DOCTORS FOR DISASTER PREPAREDNESS NEWSLETTER

MARCH 2008
VOL. XXV, NO. 2

WILL CIVIL DEFENSE BE OUTLAWED?

As we reported in the January issue, the New York City Council considered a law to criminalize nuclear, chemical, or biological detectors. Though stalled, the idea is still on the agenda–and could serve as a national model.

No one thinks the threat has gone away. “[T]here is a real risk of nuclear weapons being used for the first time since the bombing of Hiroshima and Nagasaki” (Declan Butler, Nature 2008;451:114-115). Yet even the U.S. military lacks the training and equipment necessary to respond to an attack with weapons of mass destruction (WMD), according to an independent commission. Reportedly the U.S. Dept. of Defense plans to assemble a 4,000-soldier force trained to handle the aftermath of a WMD strike (www.nti.org 2/1/08).

We don't need to stockpile potassium iodide, however, except for the 4.7 million people who live within 10 miles of a nuclear power plant. Pill distribution would distract people during a crisis, warned top science advisor John Marburger (USA Today 1/28/08).

Likewise, detectors pose an “emergency response challenge,” according to a report of the Governmental Affairs Division of the NYC Council by chairman Peter Vallone.

Although deployment of new capabilities to detect biological, chemical, and radiological threats “may assist in the City's counterterrorism efforts,” the commercialization of highly sophisticated technology for detecting WMD “brings with it the possibility that the private sector will acquire detection capabilities which were previously used only by properly trained military and law enforcement officers.”

Exempted from permitting requirements would be detectors with “no significant possibility of triggering an alert of a possible...attack” [emphasis added].

The Department of Health and Mental Hygiene would need to develop guidelines concerning whether an applicant was fit to possess or deploy a detector.

Persons who had a detector would be required to inform the authorities if an attack were detected, even if they didn't have a permit–i.e. to incriminate themselves.

The City also needs “minimum standards” for detectors–apparently these do not at present exist, and must be determined in consultation with various bureaucracies.

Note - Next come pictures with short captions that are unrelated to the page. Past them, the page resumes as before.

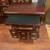 Vintage traditional cherry 2 drawer nightstand 6 thumbnail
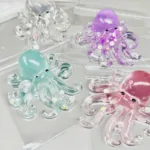 Transparent Octopus Squishy – Jelly Sea Creature Stress Toy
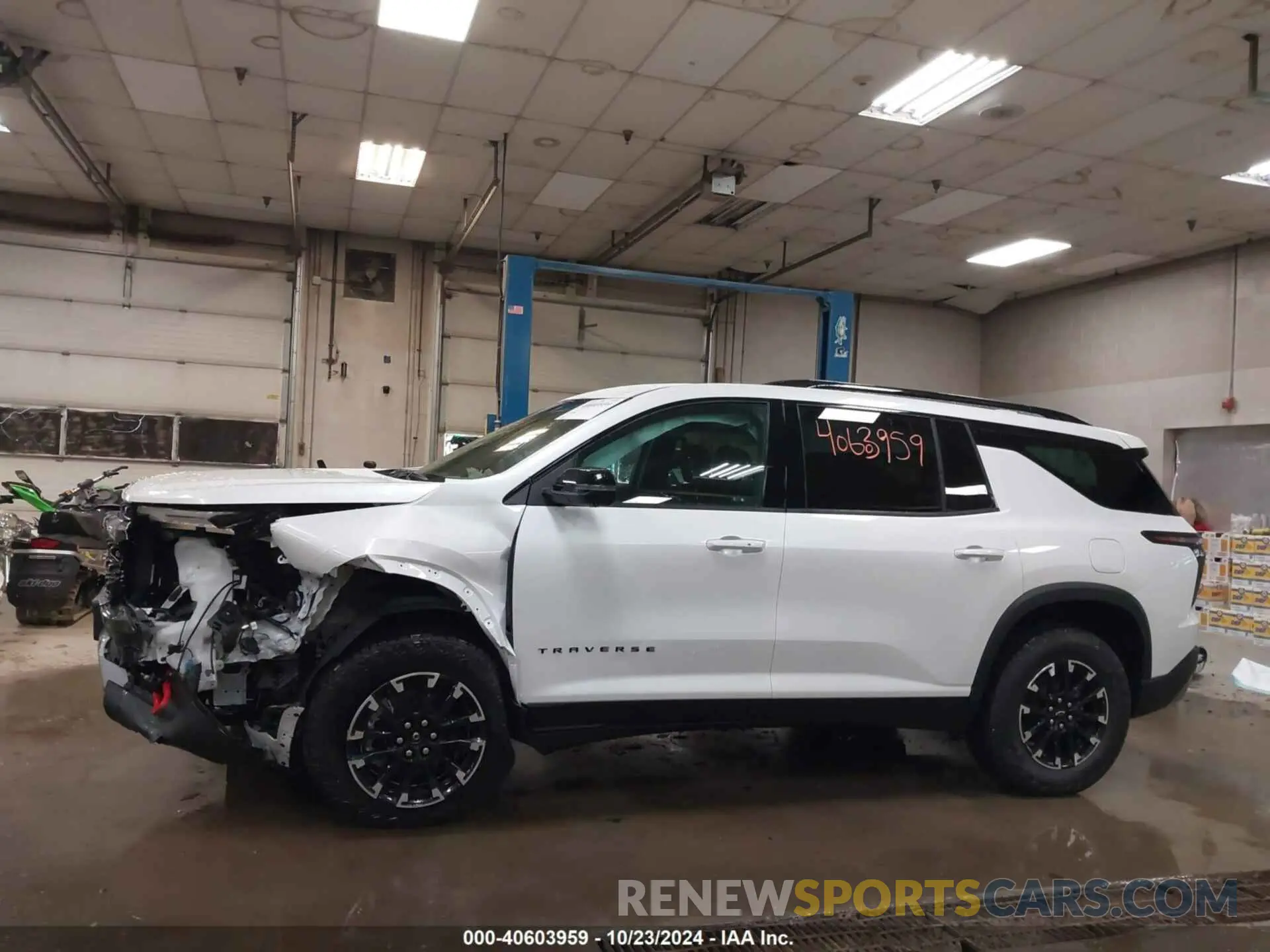 14 Photograph of a damaged car 1GNEVJKS9RJ233479 CHEVROLET TRAVERSE 2024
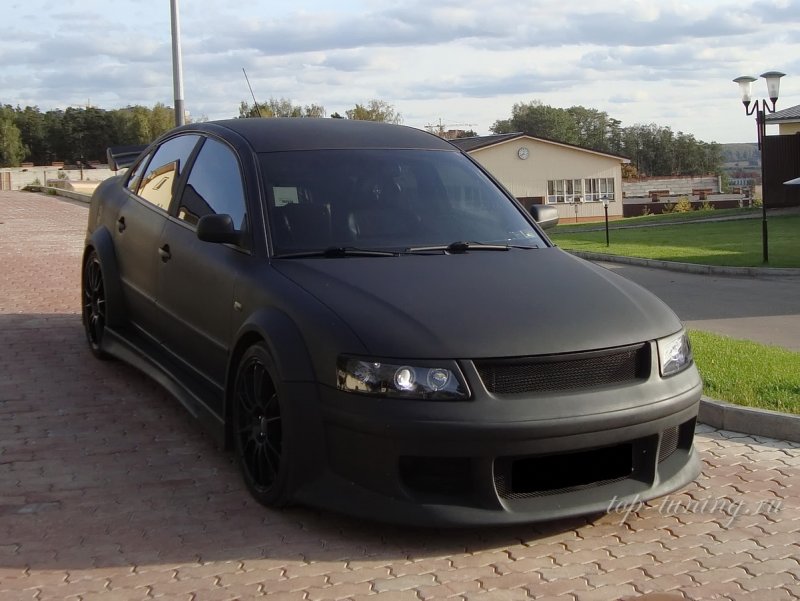 VW Passat b5 тюнинг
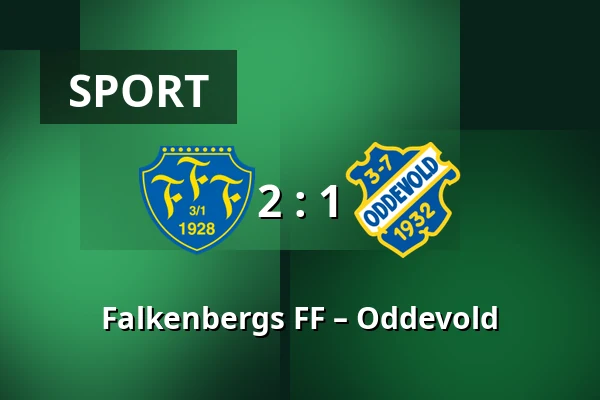 Falkenbergs FF – Oddevold — Falcon Alkoholfri Arena, Falkenberg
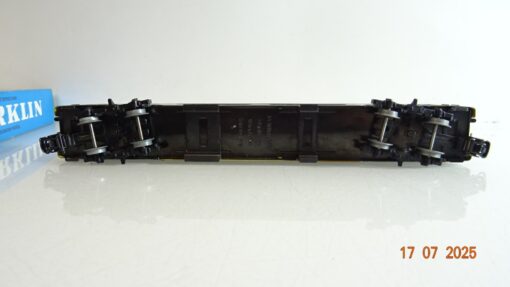 Märklin H0 4047 Bahnpostwagen der DB Blech in OVP PR9070 – Bild 4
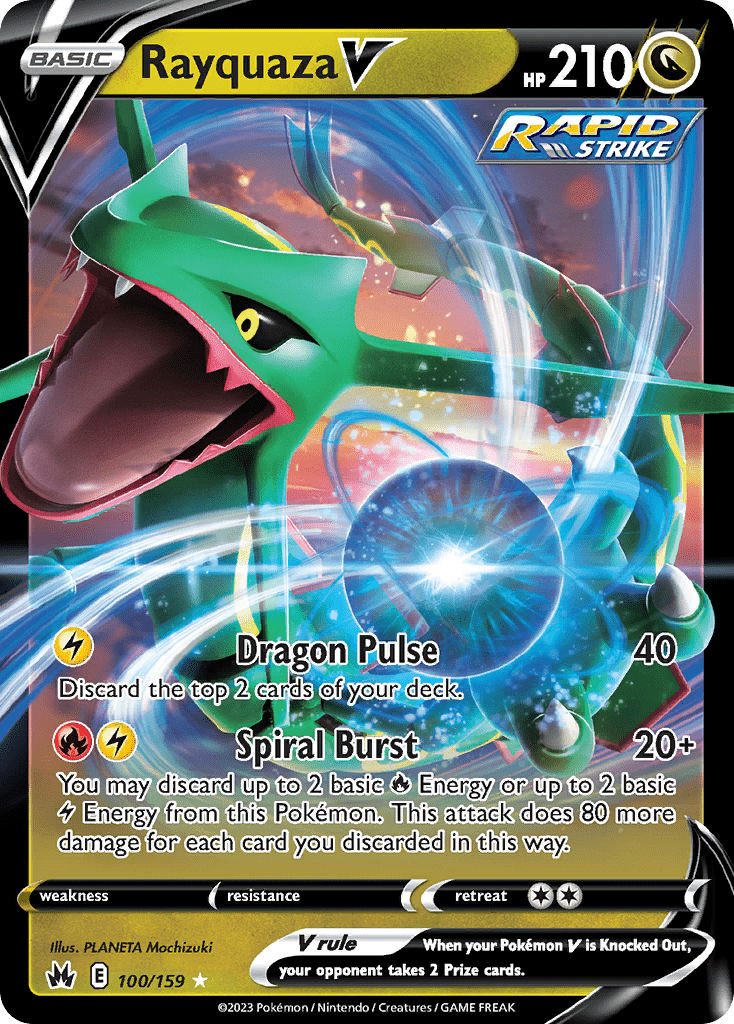 Rayquaza V - 100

The driving force behind the proposed legislation is apparently Richard Falkenrath, now an NYPD deputy commissioner and a visiting fellow of the Brookings Institution. He was formerly acting deputy homeland security advisor, with connections to groups lobbying for purveyors of anti-terror gadgets and installations, as for surveillance or data mining.

DDP president Jane Orient, M.D., wrote to all city councilmen:

People fear most things they cannot see or detect, and do not understand. Thus, the potential of radiation to cause terror goes far beyond its immediate ability to kill or injure.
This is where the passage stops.